In addition to the two fields in the SET entry, there could be a third field, commonly called a predicate, which can be used as a parameter to the action and its value used to decide among various alternatives within the action routine. With predicates, a third entry can be added to {Action, Next State} so that it becomes {Action, Next State, Predicate}. The predicate may also be altered by the state machine. Using the State Event Table (SET) of Table 4.1, a typical state machine access function with a predicate would use the logic in Listing 4.3.

Listing 4.3: Logic for an access function with a predicate.

       /*  Entry for current state and event is SET [Event][CurrentState] */          Perform Action (SET [Event][CurrentState],                          SET  [Event][CurrentState].Predicate);          CurrentState = Next State (SET [Event][CurrentState]) ;

State Machine Processing

In Chapter 2, we had outlined the format of the main loop for a typical communications task. With state machines, this would now look like Listing 4.4.

Listing 4.4: Main loop for a typical communications task with state machines.

While (1){          Wait for any of the events;           /* break out of the hard wait loop */           if (MessageQueuing event)                Process MessageQueue;           If (timerEvent)                Process TimerEvents           Perform Housekeeping functions; /* e.g. release                                             transmit buffers */      }       ProcessMessageQueue ()       {        Determine type of message;        Classify the message and set the event variable;        Pass event through the SET ; /*state machine access function*/       }       ProcessTimers ()       {        Determine attributes of expired timers;        Classify the timer type and set the event variable;        Pass event through the SET; /*state machine access function*/       }

The pseudocode given above for the protocol task provides the basis for the event determination.

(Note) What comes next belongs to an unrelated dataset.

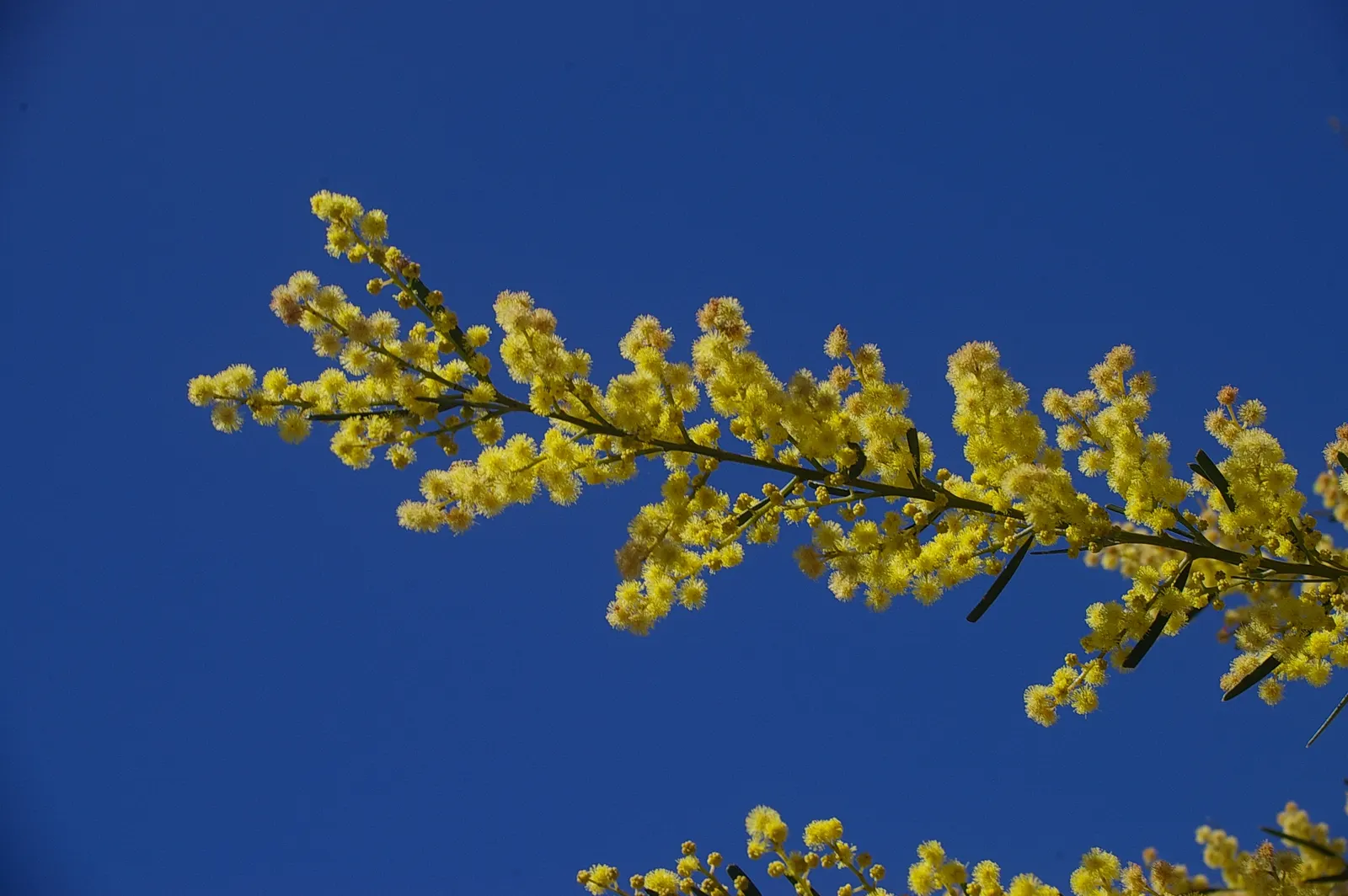 Fringed Wattle (Acacia Fimbriata) — This species is particularly drought-resistant once established; is an evergreen shrub known for its vibrant yellow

Events, messages and timeouts received by the protocol task are translated into events for the state machine.

Multiple State Machines

Protocols do not need to be implemented with a single state machine—in fact, there are often multiple SETs in a protocol implementation. There could be a separate received message state machine, so the only events are incoming messages. There could be a separate state machine for timers, a separate one for port events, and so on. Often, the protocol specification indicates this separation. The OSPF specification in RFC 2328 from the IETF, for example, specifies a neighbor state machine and an interface state machine.

Each of the state machines can be implemented with its own SET. The advantage of this separation is that each SET needs to specify only its relevant set of events and appropriate actions for those events. This modular and distributed approach to SET design contributes to a cleaner system implementation.

SET versus Switch–Case Constructs

The SET implementation is easier to understand than the switch–case statement, since it replaces code complexity with its matrix data structure, ensuring that all states and events are considered up front. In an implementation with only a few valid events in some states, the SET will have a number of actions in whicha call is made to an error routine or a No-op routine and where there is no state change. In these cases, the matrix will typically look like a “sparse matrix,” with just a few valid entries. If this had been implemented with a switch–case construct, all invalid events would have been caught with the default case.

The system designer will need to choose between the two approaches for state machine implementation using the constraints for the system being designed. If the state machine is simple and the SET is a sparse matrix, use a switch–case construct. Otherwise, implement the SET with the events and action routines.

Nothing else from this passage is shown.